- [Instructions to follow]
Locate the line that contains "rolex gmt master ii coke 2017" in the data that follows. Copy it and every subsequent line to the end, exactly, excluding pictures.

- [Entries supplied]
□ □ □ □ □ □ □

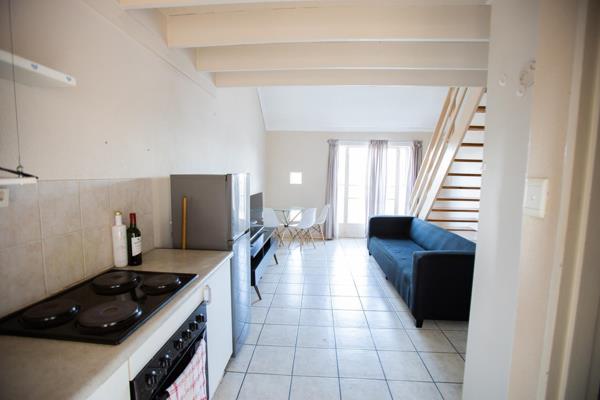 1 Bedroom Townhouse
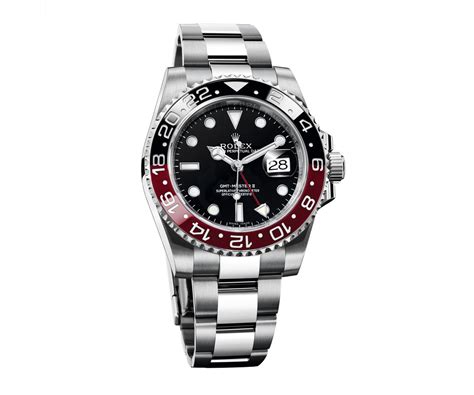 rolex gmt master ii coke 2017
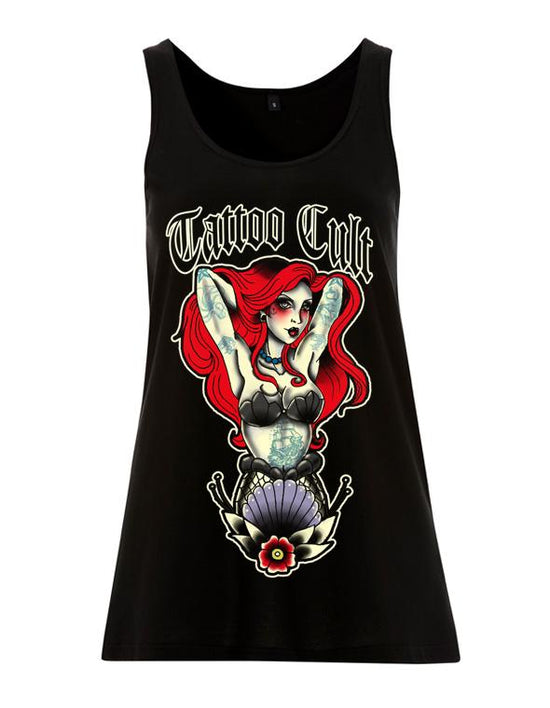 Débardeur Long N93 Tattoo Cult Lidia Cult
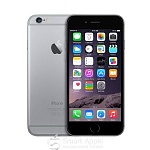 Apple iPhone 6 128gb MG4A2RU/A Space Gray  (черный) 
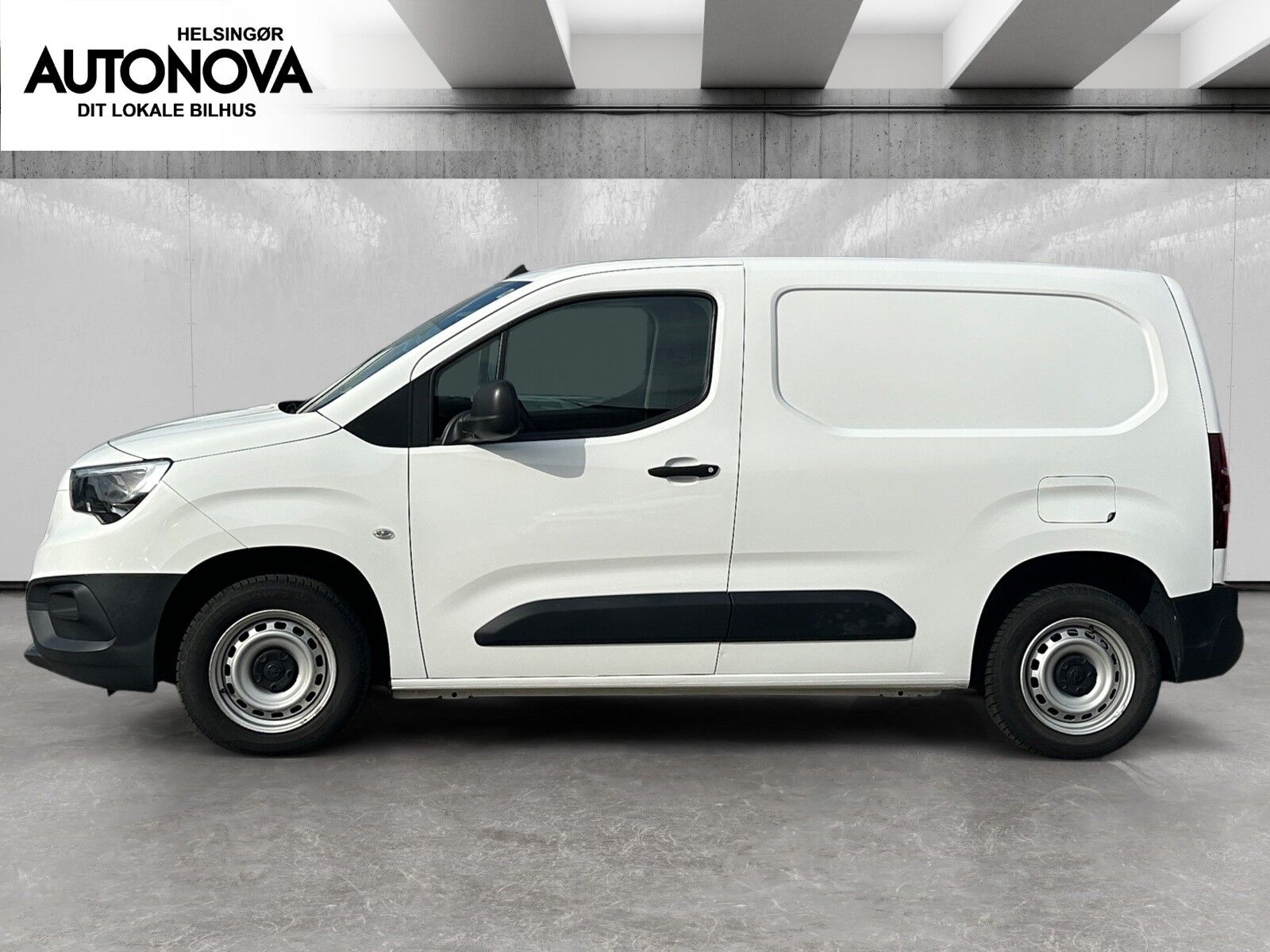 Billede af Opel Combo L1V1 1,5 D Enjoy 102HK Van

□ □ □ □ □ □ □

- [Worked solution]
 rolex gmt master ii coke 2017
 Débardeur Long N93 Tattoo Cult Lidia Cult
 Apple iPhone 6 128gb MG4A2RU/A Space Gray  (черный) 
 Billede af Opel Combo L1V1 1,5 D Enjoy 102HK Van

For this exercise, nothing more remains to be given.